Jensen swatted Chris away like the angry flies that had been buzzing around his head for hours. His partner was quite a bit more persistent than the buzz and dragged Jensen up from his seat like he was a toddler. Come to think of it, he felt quite like one too, legs buckling under his weight like they were made of straw. Nevertheless, he reached out to the keyboard, only a couple of calculations left until they were set, but Chris didn’t let him get near the
controls.
“Jensen, Jen… come on, you gotta get out of here. We’ve got the internal damage under control, he’s going to make it through the night, you hear me? You need sleep, or you won’t be able to work your magic on the cosmetic bits, alright? Now, let’s go.”
Jensen opened his mouth to say something. He wanted Chris to let go and let him get back to work that instant, but nothing save for a garbled sigh came past his lips as he was wrestled out of the lab and down the hallway to his suite. He vaguely sensed how Chris dragged his lab coat off and wrangled the shirt over his head without bothering with the buttons. When he was down to his boxers, his friend shoved him into the shower cubicle and the shock of icy cold water jolted his system into gear in half a second flat.
“What the flying fuck, Chris, you ASSHOLE,” he shouted over the slowly heating water.
“I had to get you awake enough to not fall over and crack your head open in the shower somehow. I’m not going to be the one shovelling the grey matter back in if you break your skull, we’re not at neuro-cortial tissue yet.”
Jensen let the strong spray of the shower beat down on him for a moment to work past the tremors caused by the cold.
“And you put me in here in my boxers, you fucker.”
“Ain't interested in your junk, buddy. I don’t play that way, you know that. Next time I’m shoving you in there fully clothed, just for the record.”
Jensen scoffed and turned off the water, stepping out to be enveloped in a huge fluffy towel, nose to nose with Chris.
“You love me, bitch.”
“Don’t get to full of yourself, self-sacrificing prick. One of these days I’m just going to leave you there, drowning in your own drool.”
“Wouldn’t.”
“Totally would. Now get your ass to bed, I’m not carrying you there, princess.”
“Don’t call me princess, hate that.”
“I know, go to sleep, Jensen.”
The last thing he heard was the emphasis in Chris’ worried mother-hen voice before he went under.
Jensen took a deep breath and coughed when the air rasped over his parched throat. He blinked groggily into his dimly lit room and then turned his head to rub his nose into the pillow to see if he could do the elusive sleep thing again, since he’d had approximately a two hour cat nap, and he was going right back under, thank you very much.

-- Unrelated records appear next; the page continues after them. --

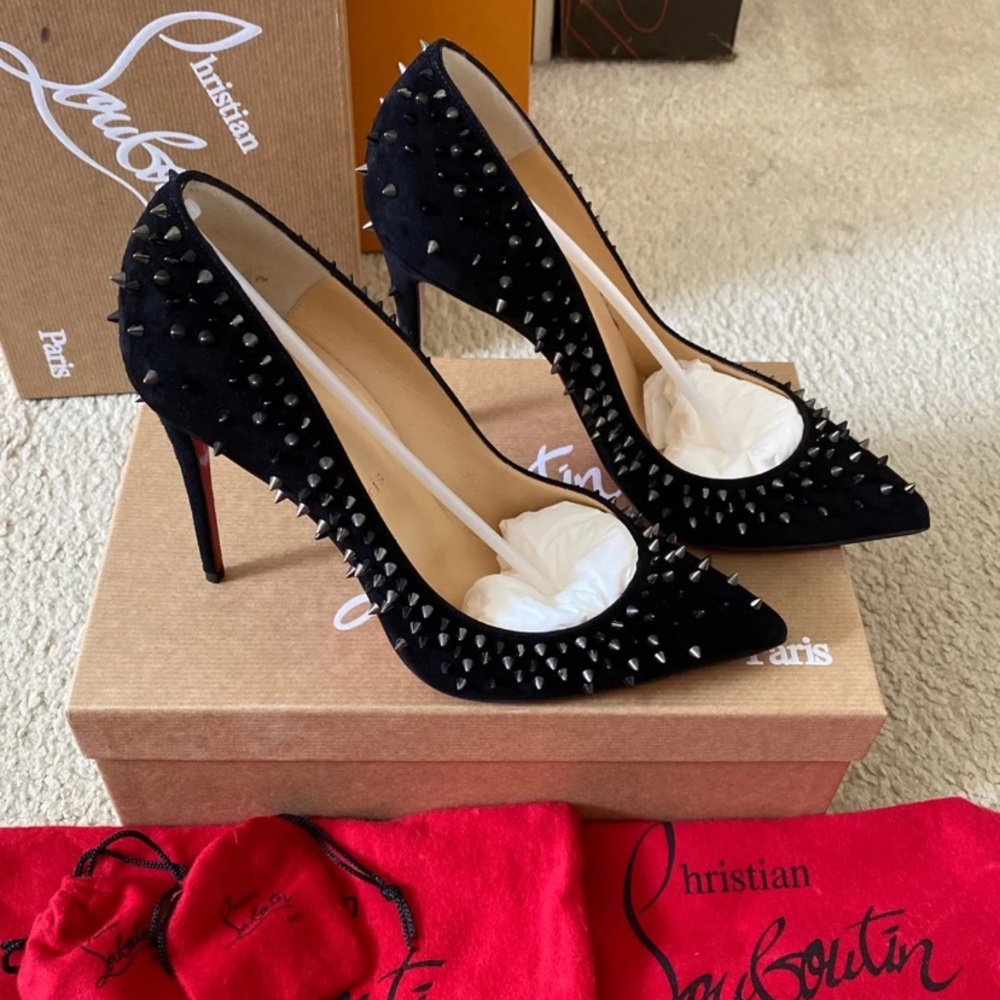 SOLD Christian Louboutin Escarpic Heels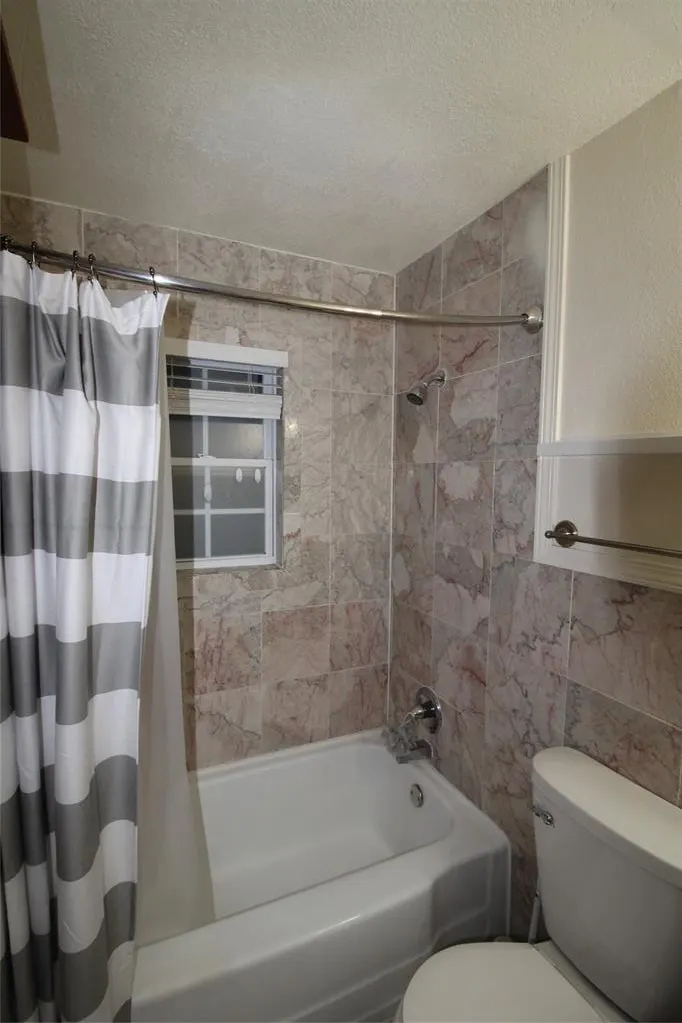 Photo 9 — 2000 Alameda Street, Norman, OK 73071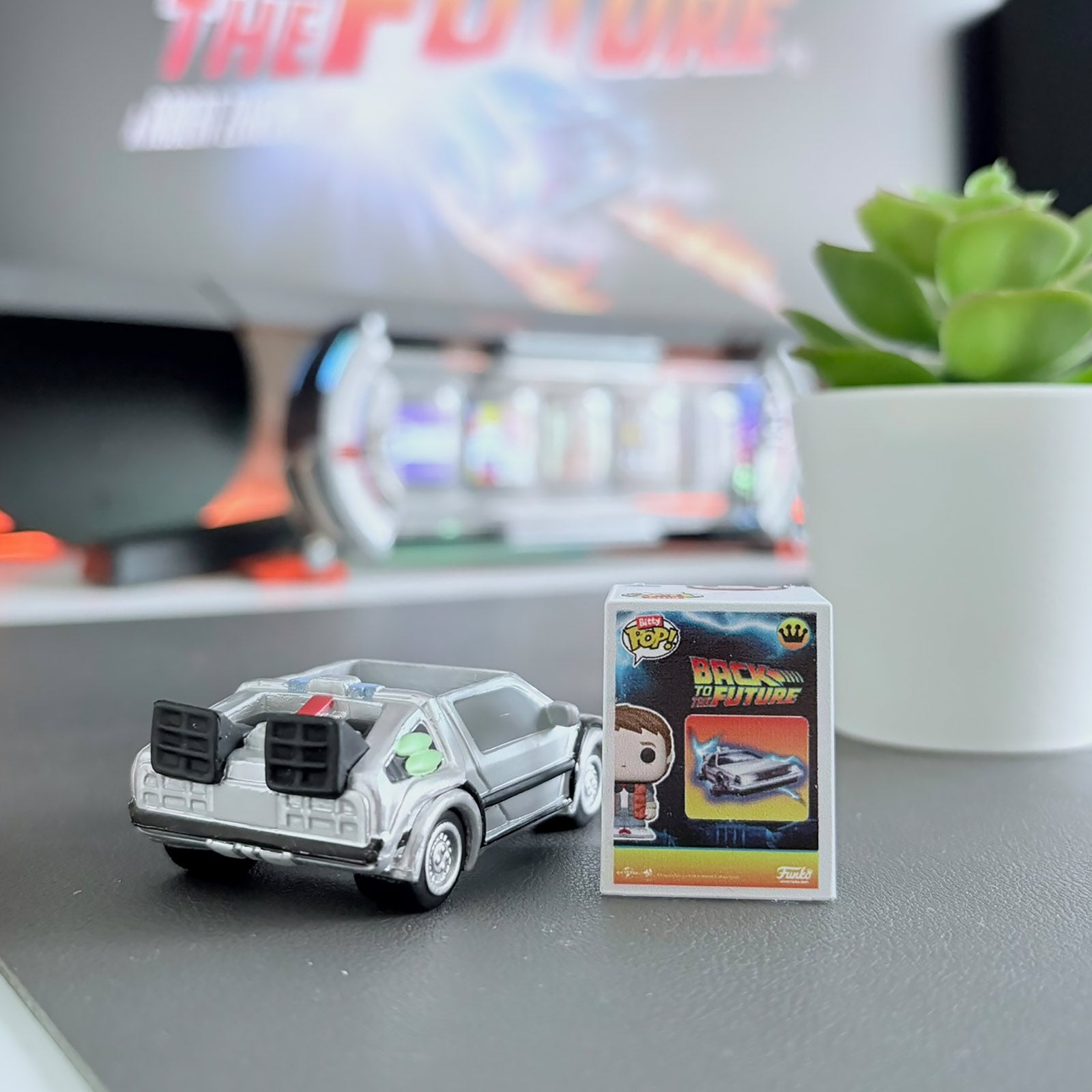 Imagen del producto Regreso al Futuro - Set de figuras Funko Bitty Pop Ride DeLorean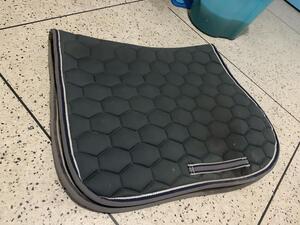 Tapis de selle equitheme gris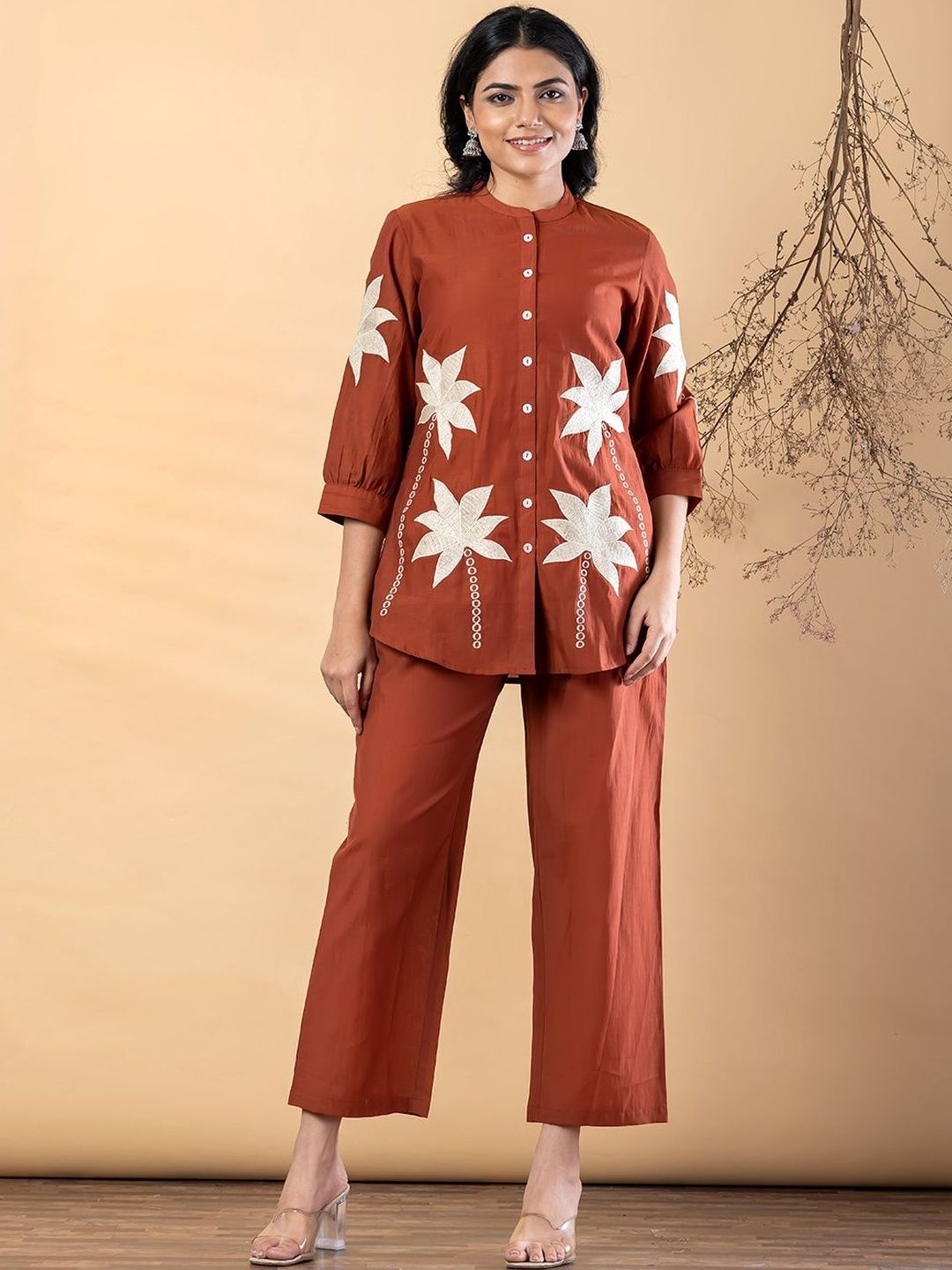 Women Regular Floral Embroidered Pure Silk Kurta with Trousers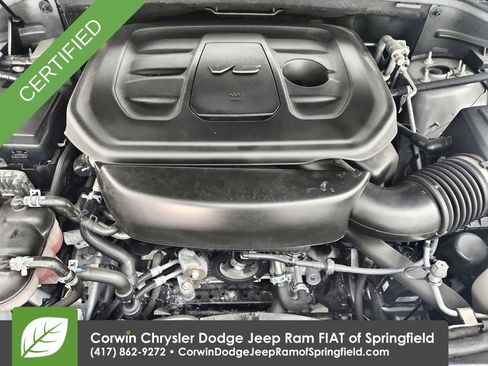 Used 2021 Jeep Grand Cherokee Laredo AWD/4WD image 34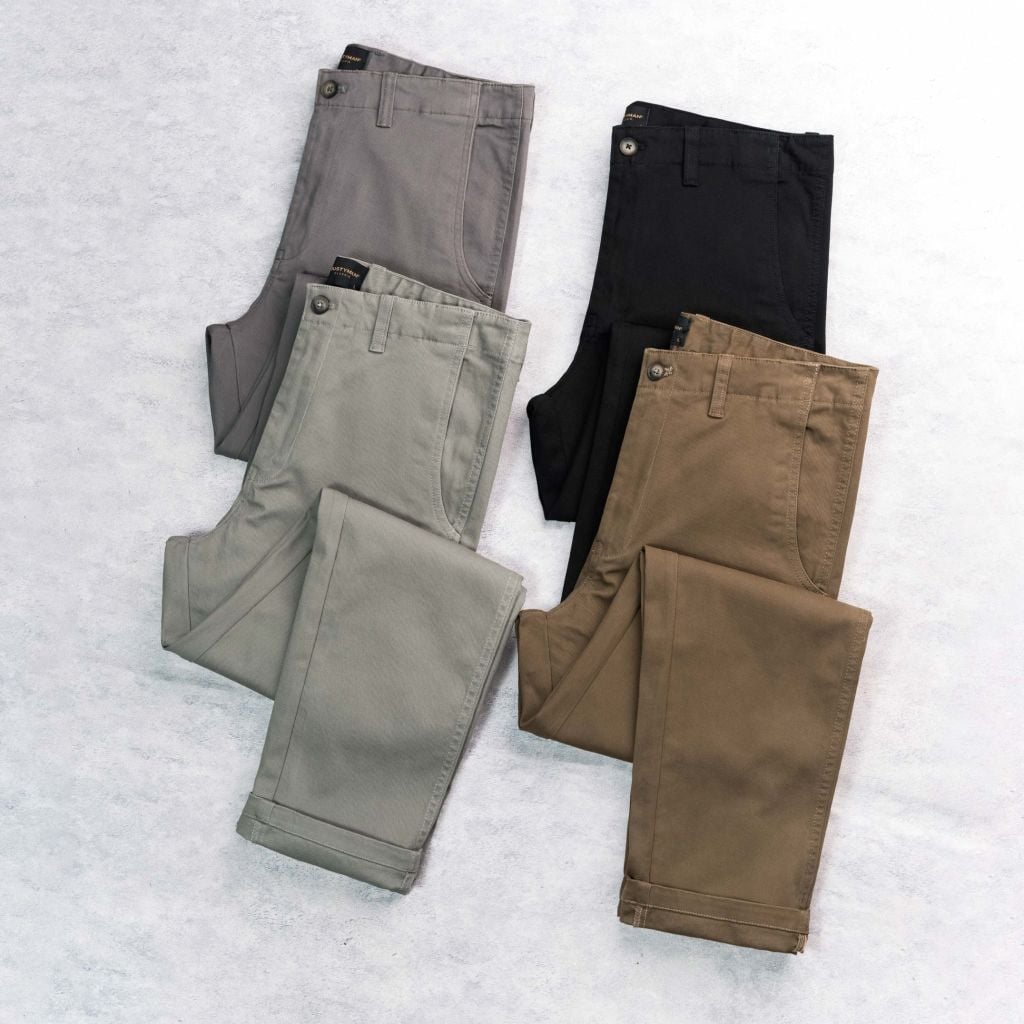 Quần Kaki Ôm Nhẹ Nam Dustyman Nova Slim Fit K685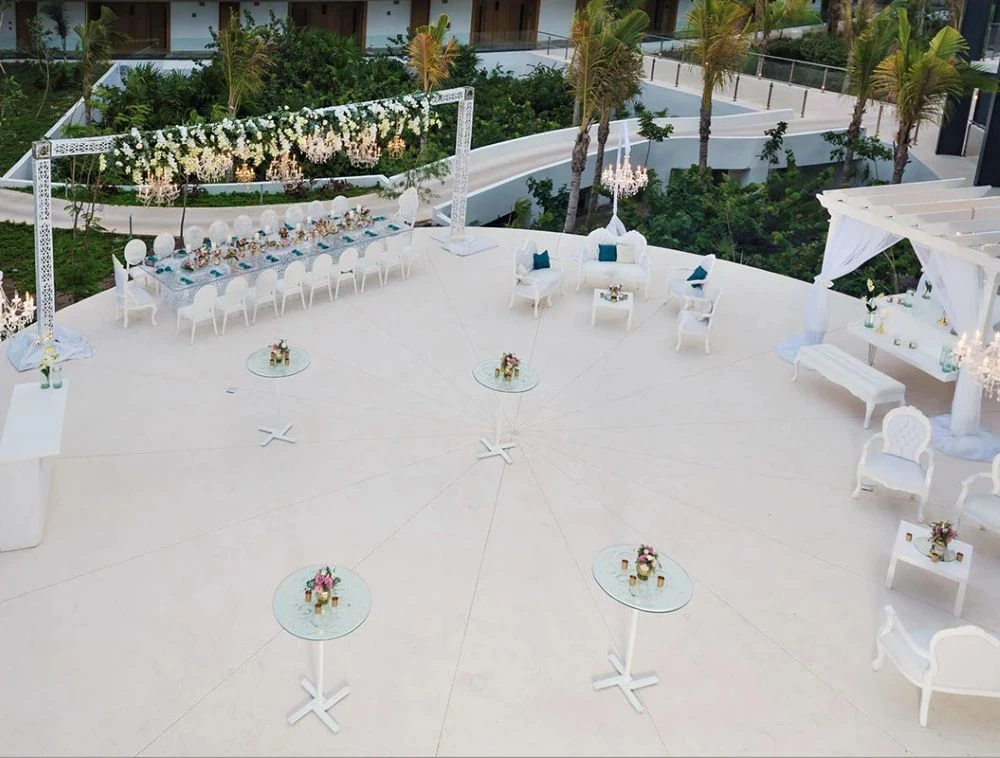 Round Terrace-Ceremony 75 • Cocktail hour 150 • Reception 80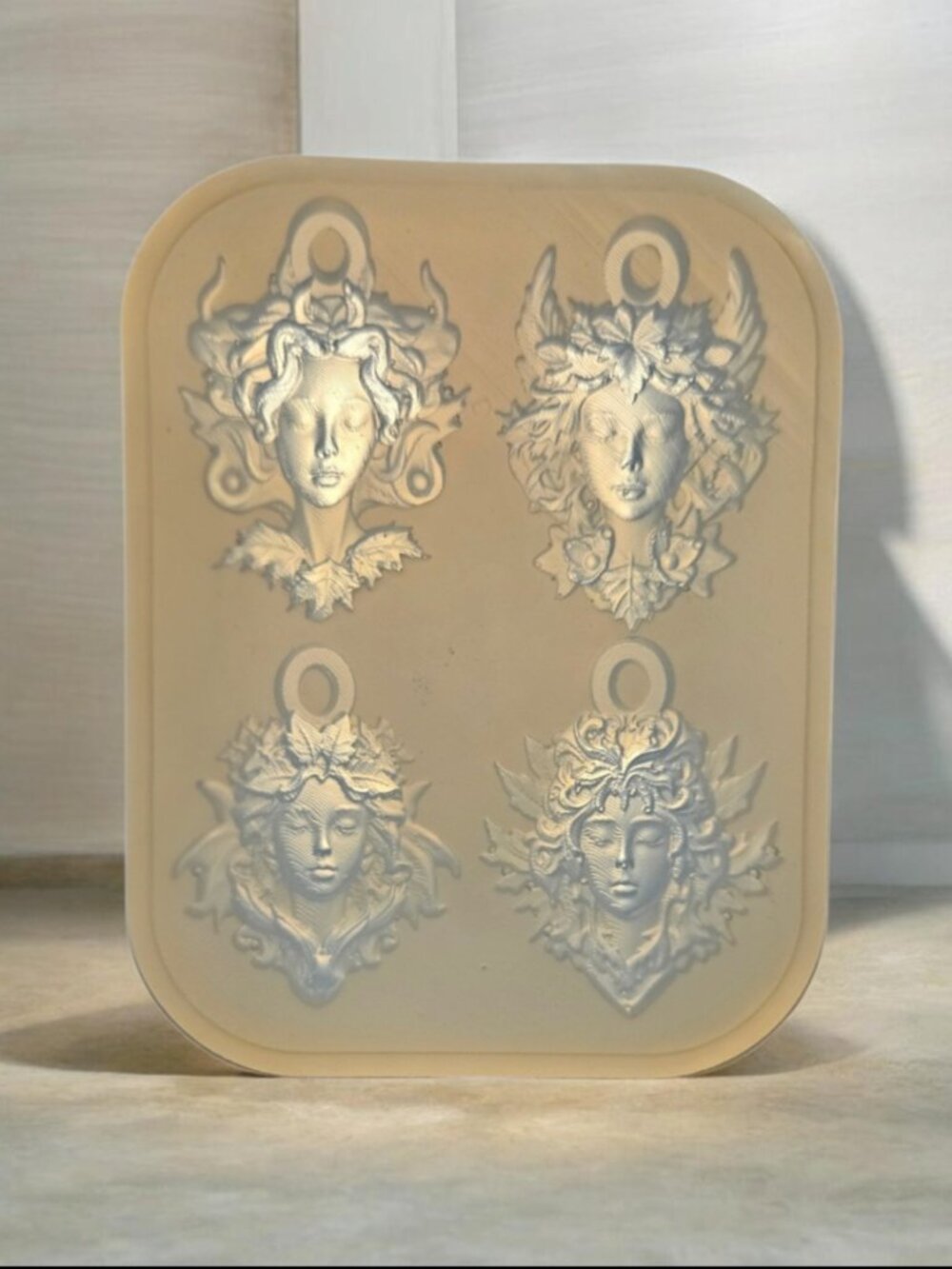 Classical Era Ladies Silicone Mold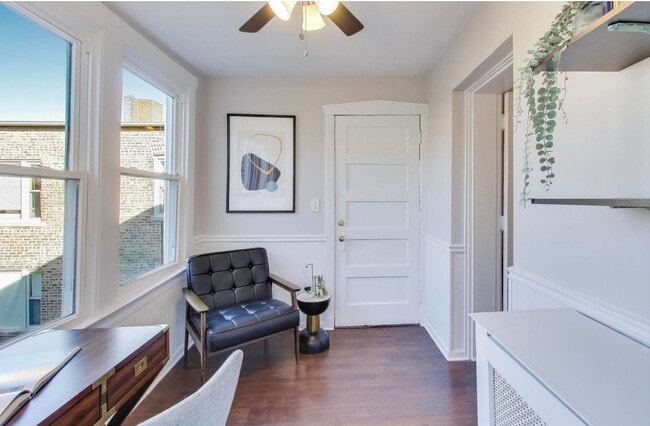 Building Photo - 1628 W Columbia Ave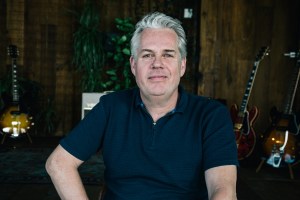 Thomas Acda voor Noisey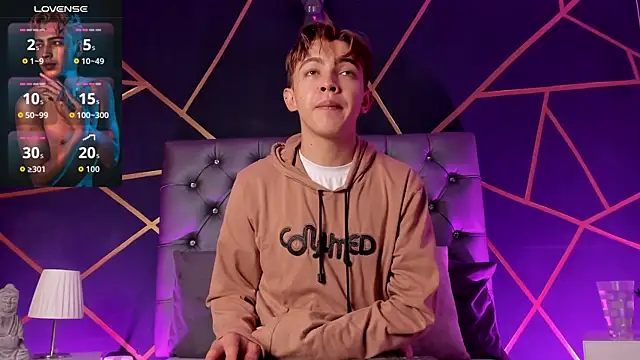 Lian Miller1  online show from April 7, 12:07 pm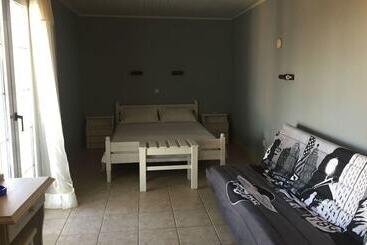 آپارتمان Eleni S Studios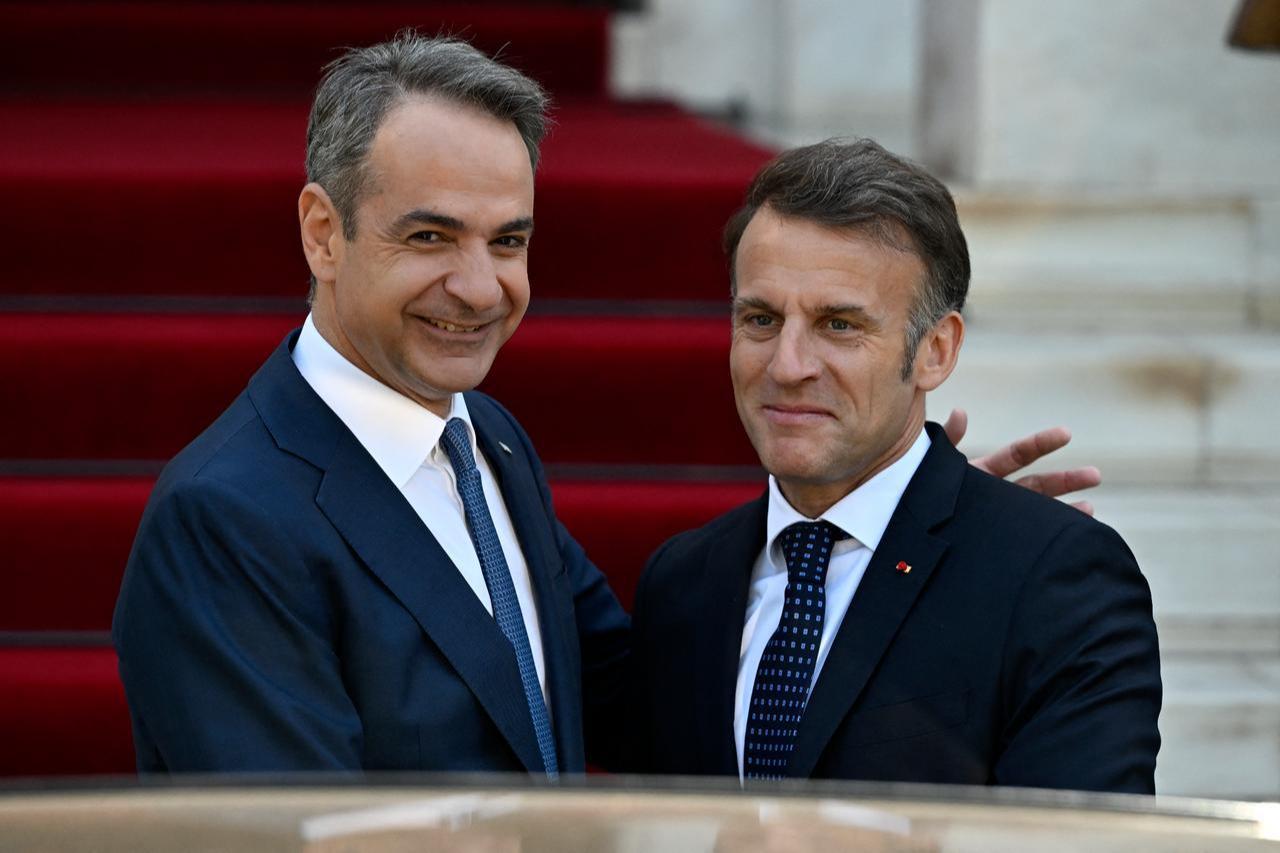 France's President Emmanuel Macron (R) is welcomed by Greece's Prime Minister Kyriakos Mitsotakis upon arrival for talks at Maximos Mansion, in Athens, Greece on April 25, 2026. (AFP Photo)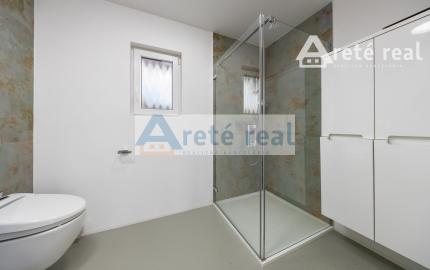 ARETÉ REAL - PREDAJ 2 RODINNÝCH DOMOV ZA CENU JEDNÉHO, SLOVENSKÝ GROB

“There you are, princess, back among the living.”
Jensen contemplated pushing his face fully into the pillow and subjecting the mattress to a fist flying temper tantrum for a full second, but he was thirty, and such a thing would be unbecoming. Instead he cracked one eye open to glare at Chris and asked with a hoarse voice:
“How l’ng ‘ve I b’n g’n?”
Chris raised an eyebrow to indicate how slurry speech was so not funny, but he made a show of looking closely at his watch before he answered.
“Way I see it, about… hmm… fifteen hours? Max.”
That had Jensen jack-knifing off the bed, only just realizing that he was completely bare under the sheets, but in the adrenaline rush, he was fully prepared to race out to the lab clad in simple linen.
“Shit, gotta check up on Jay. Why didn’t you fricking wake me up?”
“You looked like you needed, badly. Still do in fact. Hold your horses though, he’s breathing. And how many times do I have to lecture your about giving them names?”
“You know that I don’t like to talk to numbers. I’ve just shortened the file designation to sound like more of a person than a piece of military equipment.”
“Jensen…”
“I know, I know, you keep telling me, and I keep doing it, can we move on? So, he’s breathing? Really?”
“Well, it’s not like we can really trust him to do it on his own as long as he’s in an induced coma, but yes, the preliminary readings look surprisingly promising. If he stays as stable as he is right now, we should be able to start on the fracture and the muscle restoration today.”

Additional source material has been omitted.